Daily News (New York)

October 23, 2000, Monday SPORTS FINAL EDITION

SECTION: WRAP; Pg. 18 BLEACHER CREATURE

LENGTH: 536 words

HEADLINE: NOT MET WITH CHEER

BYLINE: BY FILIP BONDY

BODY:
THE BLEACHER CREATURES respectfully would like to know how Roger Clemens got away with it. Roger threw a foreign object at Mike Piazza, was spotted in the act by law enforcement, yet was not removed from the Stadium.

He did everything but heckle Timo Perez in right field with one of our songs. This is what the Mets get, and we figure it is mainly because of their fans. You try to treat them like human beings. You really do. But there is always something very strange about Met fans, something repulsive and off-putting. It is as if they are a mutant race of primates, isolated in a penal colony in Queens so they don't reproduce and overrun the rest of the world.

"It's like they're cartoon characters," Milton Ousland was saying. "They get all excited. They scream, 'Let's go Mets.' They're orange. They're not real."

All you had to do was look at them again last night when they came to the Bronx for Game 2, for their second pounding. They should not be allowed out in public, at least not in New York, certainly not in Section 39.

There was, for example, the man sitting alongside his 10-year-old son, whose face was painted with the Met colors.

"Why doesn't the father just paint a birthmark on the kid's face, and maybe put some braces on him?" wondered Mike Donahue, core Creature. "That stuff won't come off without gasoline."

Then there was the woman with bright orange shoes.

There were Met muppets, and big-headed Mets with pea brains. It was a real freak show out there. Only the knowledge that the Yankees will clinch this series at Shea, and that we Creatures would be dancing in celebration on the No. 7 subway platfrom in Flushing, made any of this bearable.

"Every year, every time they come in here for a new series, we get new Met fans here," said Chris Cartelli. "You look at the jerseys they wear, there are no Seaver jerseys, no Dykstras. They're all black and orange. There's just no heritage there."

Game 1 had gone smoothly enough on Saturday, once Benitez blew up in the ninth and the idiots in the stands were silenced. There were only a few minor incidents. One guy kept walking up and down the right-field bleachers in his Met outfit, taunting the Creatures in Section 39 for as long as the Mets held their lead.

Which wasn't long enough, was it?

Tina Lewis was forced to yell at regular intervals at the people standing on the steps, in front of her seat, telling them to get out of the way.

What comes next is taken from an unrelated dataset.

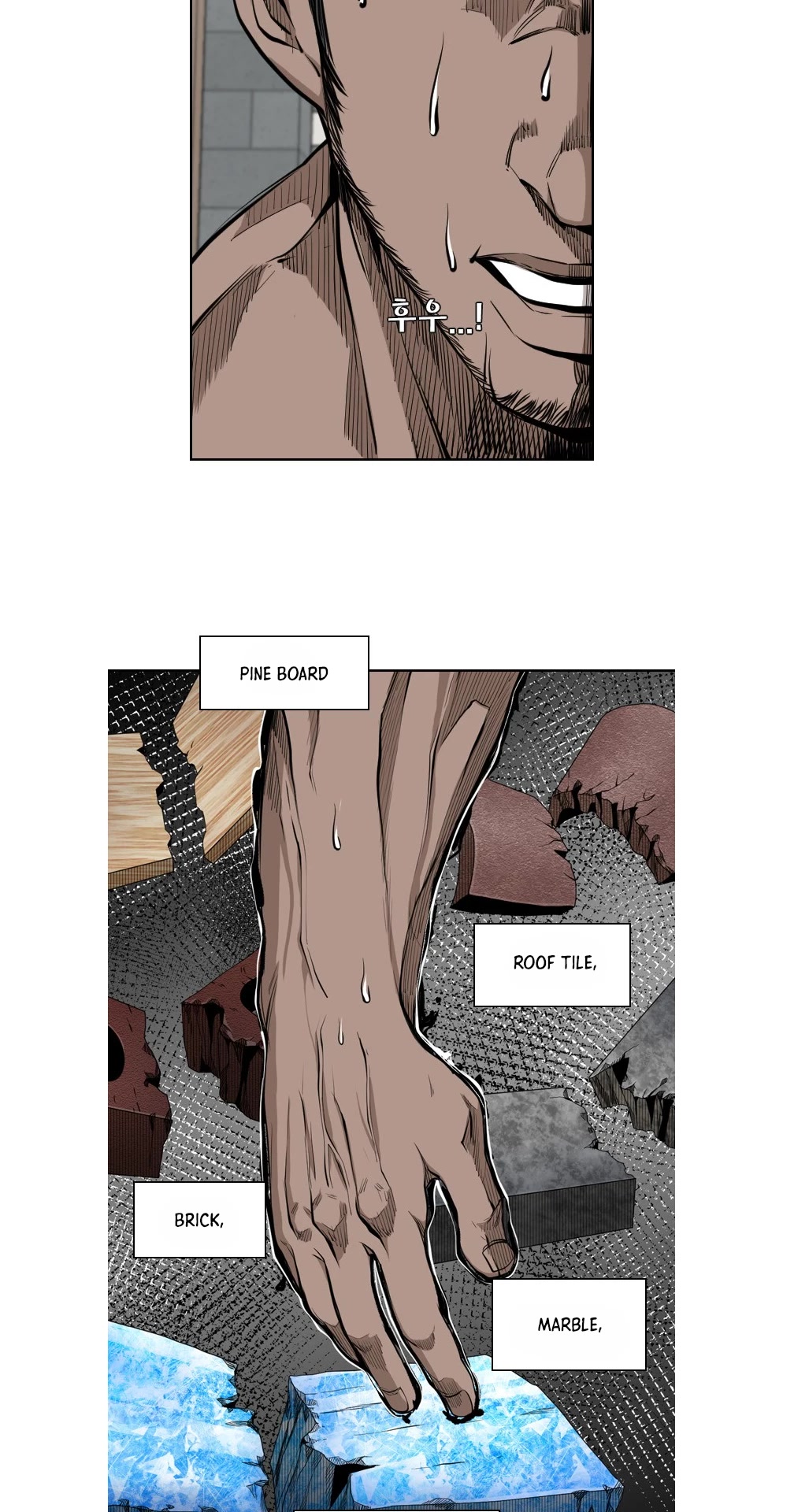 Read Shark EN Manga Online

She wanted to see something besides their fat, Met-loving rears.

Anyway, the Creatures who were fortunate enough to get our hands on a few extra seats were outside the Stadium early last evening, trying to make a few dollars selling tickets (we don't like the word "scalping" because it carries negative connotations) while hoping to avoid the Anthony Suite set aside for us in the local jail.

WE ARE NOT ripoff artists. Milton the Cowbell Man was hoping to sell $110 tickets for $500, a reasonable markup you might see anywhere. But it wasn't easy, because the cops were everywhere, and many of them were Met fans.

You could tell, because they looked like cartoon characters and weren't thrilled at the final score. They never are, when they come to the Bronx.